Unfortunately, that “brutal” recognition is more of a theoretical assumption derived from the attitudes of large states rather than a universal reality for all states. Australia’s security is not ‘ultimately’ dependent upon the geopolitical balance of Asia. Just as the evolving changes during the Cold War between the US and USSR had no substantial impact on Australia’s day to day environment, neither will a (much more geographically restricted) balancing act in northeast Asia affect us. Certainly the balancers may get it wrong with occasional clashes but, save a WW3 type scenario, Australia’s security does not “ultimately depend” upon the degree or even existence of ‘balance’ 10’000km to our north.
As Stephen Walt noticed in the 1980s, regional powers don’t decide their alliances based upon the global balance of power but on regional conditions. So either most countries have been getting their security policies wrong, or the balancing theory, designed to explain the behaviour of great power countries, is simply not that relevant for smaller powers. And that’s exactly what we’re seeing in Asia.
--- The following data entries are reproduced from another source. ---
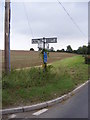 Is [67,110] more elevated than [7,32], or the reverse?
[7,32]

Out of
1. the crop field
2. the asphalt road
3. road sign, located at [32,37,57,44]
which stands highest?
road sign, located at [32,37,57,44]

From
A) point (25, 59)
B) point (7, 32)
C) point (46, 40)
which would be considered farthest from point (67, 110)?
point (25, 59)

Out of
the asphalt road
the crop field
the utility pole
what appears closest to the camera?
the asphalt road

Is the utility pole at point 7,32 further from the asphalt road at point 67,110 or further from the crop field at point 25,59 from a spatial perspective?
the crop field at point 25,59

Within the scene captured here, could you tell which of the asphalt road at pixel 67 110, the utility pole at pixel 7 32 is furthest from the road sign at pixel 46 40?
the asphalt road at pixel 67 110

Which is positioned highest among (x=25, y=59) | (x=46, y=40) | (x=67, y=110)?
(x=46, y=40)

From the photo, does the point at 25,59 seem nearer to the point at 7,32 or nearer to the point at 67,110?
the point at 7,32

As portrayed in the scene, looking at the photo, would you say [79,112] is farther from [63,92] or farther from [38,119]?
[63,92]

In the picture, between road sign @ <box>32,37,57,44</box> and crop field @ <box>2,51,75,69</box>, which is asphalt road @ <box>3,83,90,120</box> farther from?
crop field @ <box>2,51,75,69</box>

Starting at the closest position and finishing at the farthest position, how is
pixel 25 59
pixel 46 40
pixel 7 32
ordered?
pixel 7 32, pixel 46 40, pixel 25 59

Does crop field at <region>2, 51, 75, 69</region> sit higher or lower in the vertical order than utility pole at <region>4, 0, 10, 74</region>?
lower

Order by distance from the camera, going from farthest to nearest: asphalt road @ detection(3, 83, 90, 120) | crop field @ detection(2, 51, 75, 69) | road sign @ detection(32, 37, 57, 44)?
crop field @ detection(2, 51, 75, 69) < road sign @ detection(32, 37, 57, 44) < asphalt road @ detection(3, 83, 90, 120)

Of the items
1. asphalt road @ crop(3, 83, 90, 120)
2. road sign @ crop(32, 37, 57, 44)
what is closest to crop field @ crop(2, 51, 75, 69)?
road sign @ crop(32, 37, 57, 44)

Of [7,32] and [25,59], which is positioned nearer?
[7,32] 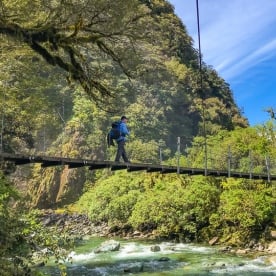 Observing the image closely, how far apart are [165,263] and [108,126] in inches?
1094

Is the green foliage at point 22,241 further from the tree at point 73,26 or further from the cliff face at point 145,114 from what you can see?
the cliff face at point 145,114

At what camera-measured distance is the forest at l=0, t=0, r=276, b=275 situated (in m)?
6.48

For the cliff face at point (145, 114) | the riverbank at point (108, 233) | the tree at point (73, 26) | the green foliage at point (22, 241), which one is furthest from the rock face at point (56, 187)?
the green foliage at point (22, 241)

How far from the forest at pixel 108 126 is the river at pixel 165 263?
2007mm

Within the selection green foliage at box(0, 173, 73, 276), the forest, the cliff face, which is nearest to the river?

Despite expectations, the evidence for balancing/bandwagoning behaviour in our part of the world is underwhelming. Hence the proliferation of terms such as hedging, soft balancing, underbalancing, omni-enmeshment, strategic hedging etc as scholars seek to explain away the divergence between theory and reality. As we all too often forget, great powers and smaller powers worry about very different things. If Australia was a great power country, then Mark would be right and the geopolitical balance would be the essence of our security (though we’d then also have a viable ability to defend our continent). But mid and small sized countries care far more about their immediate region. Thus we’re seeing only moderate re-balancing in Northeast Asia and little more than modernisation in Southeast Asia. Even if the pessimists are right and an Arms Race emerges in Asia, that would simply re-emphasise the primacy smaller states place on reacting to their neighbours rather than using the geopolitical balance to organise their defence choices. No wonder Australia, a country located even farther south and further removed from any potential conflict or coercion is not acting concerned.
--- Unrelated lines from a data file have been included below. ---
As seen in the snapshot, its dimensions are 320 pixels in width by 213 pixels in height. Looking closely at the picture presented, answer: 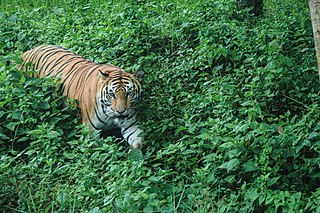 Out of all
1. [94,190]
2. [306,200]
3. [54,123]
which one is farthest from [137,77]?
Answer: [306,200]

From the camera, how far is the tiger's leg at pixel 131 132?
5.76m

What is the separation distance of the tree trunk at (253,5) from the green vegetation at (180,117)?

Australia has historically been an unusual country: a mid-sized power that has appeared to act based on the global balance of power. But we haven’t done so because of strategic necessity but because of a political (if not emotional) choice, driven by our Empire-inherited worldview and our familial relationship with the largest powers. We may decide to keep acting in this manner, but we shouldn’t confuse the necessary behaviour of great powers with the voluntary behaviour of a regional power. Australia has the luxury of choosing how much the geopolitical balance affects our military spending. This is an important choice, but our ultimate security, just like most regional powers, is based upon issues and circumstances much closer to home.
Andrew Carr is an associate lecturer at the Strategic and Defence Studies Centre at the Australian National University.